Real-time terrain deforming 

Other features the team relies on heavily include the Landscape system for building the environment and the World Composition system for level streaming. The presentation application has approximately 300 different streaming levels that are swapped in and out as needed in real time.
Image courtesy of AFRY
Upon experimenting with Unreal Engine, the team started to realize it could adapt the technology to its needs in ways that saved huge amounts of time. A case in point is the solution it developed for terrain deforming in real time. “At the start of the project, we reprocessed and reimported the terrain every time the design changed,” says Lovén. “This could take hours. It became so much easier once we had the epiphany that we could do the terrain deformation in real time on the GPU, meaning we could switch between different design options and have the terrain instantly adapt.” Lovén goes on to elaborate that their real-time terrain deforming saves the team at least four hours of tedious work per update, every week.
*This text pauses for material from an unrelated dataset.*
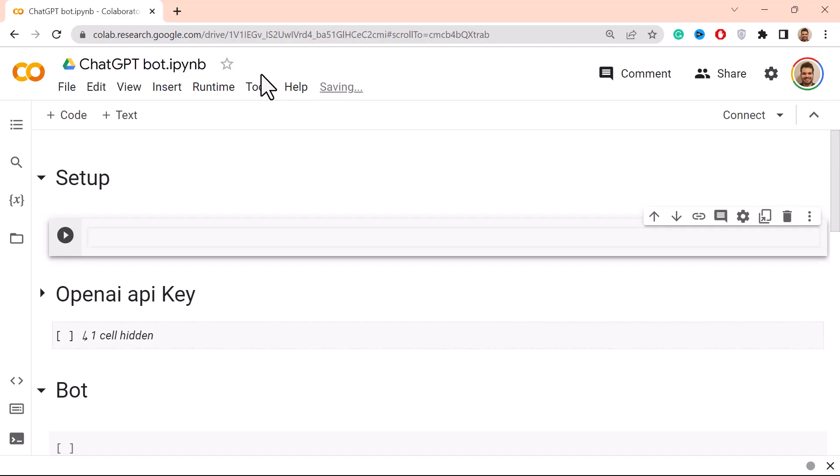Hey everyone, in this video we're going to show you how to build a very simple chatbot with ChatGPT, and we're going to do it using Python and just a few lines of code. I have here a Google Colab script and this will have three steps: we have the setup, we have the OpenAI API key, and then here we have our bot.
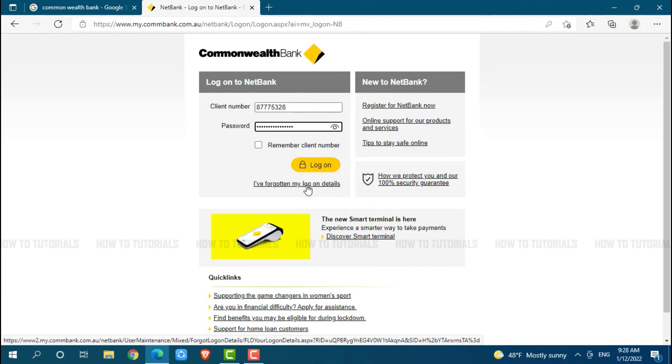Then you will be able to recover your login details. Hope this video is helpful for you all on how to log into the online banking account of Commonwealth Bank. Thank you.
AFRY have also started developing tools in Unreal Engine for use in other areas. “The project has a requirement to deliver CAD-based coordination models, so we still need to update and review those,” explains Lovén. “These can contain data we don’t import to UE4. We’ve developed a simple camera view plugin that synchronizes the view in the CAD software to UE4 as you move around the world. This helps us a ton during review meetings, as the CAD software navigation can be very clunky.”
 

The team also did some tinkering to find a novel way of leveraging the power of Sequencer for their needs. Unreal Engine's multi-track editor, Sequencer is used for creating and previewing cinematic sequences in real time. The team was working alongside a communications agency with limited knowledge of real-time workflows that needed a way to create videos from the interactive environment AFRY had created. In response, AFRY developed a custom video-editing tool that enabled the agency to create basic sequences at runtime from the packaged-up project they’d been sent. The director at the communications agency could export key frames for different clips, which the team would import into Sequencer to polish up. This provided a great way for the two stakeholders to work collaboratively.
 

New real-time possibilities  

With the success it’s had using real-time technology on the East Link development, AFRY has now started using Unreal Engine for a number of new projects. Some of these are internal, such as their experimental multi-user VR road design tool, which enables four users to design roads collaboratively over a network in VR. Running both on Oculus Rift and HTC Vive, this is intended to be an early stage sketch tool for evaluating different options in road design.
Image courtesy of AFRY
Image courtesy of AFRY
Other exciting projects include one currently being undertaken for the European Spallation Source (ESS), a multi-disciplinary research facility based on what will be the world's most powerful pulsed neutron source. Here AFRY is helping engineers better understand the heavy and complicated crane operations required for maneuvering casks around the facility, modeling a traverse crane that can be controlled by gamepad and used to visualize and plan the process for loading the equipment in and out in VR.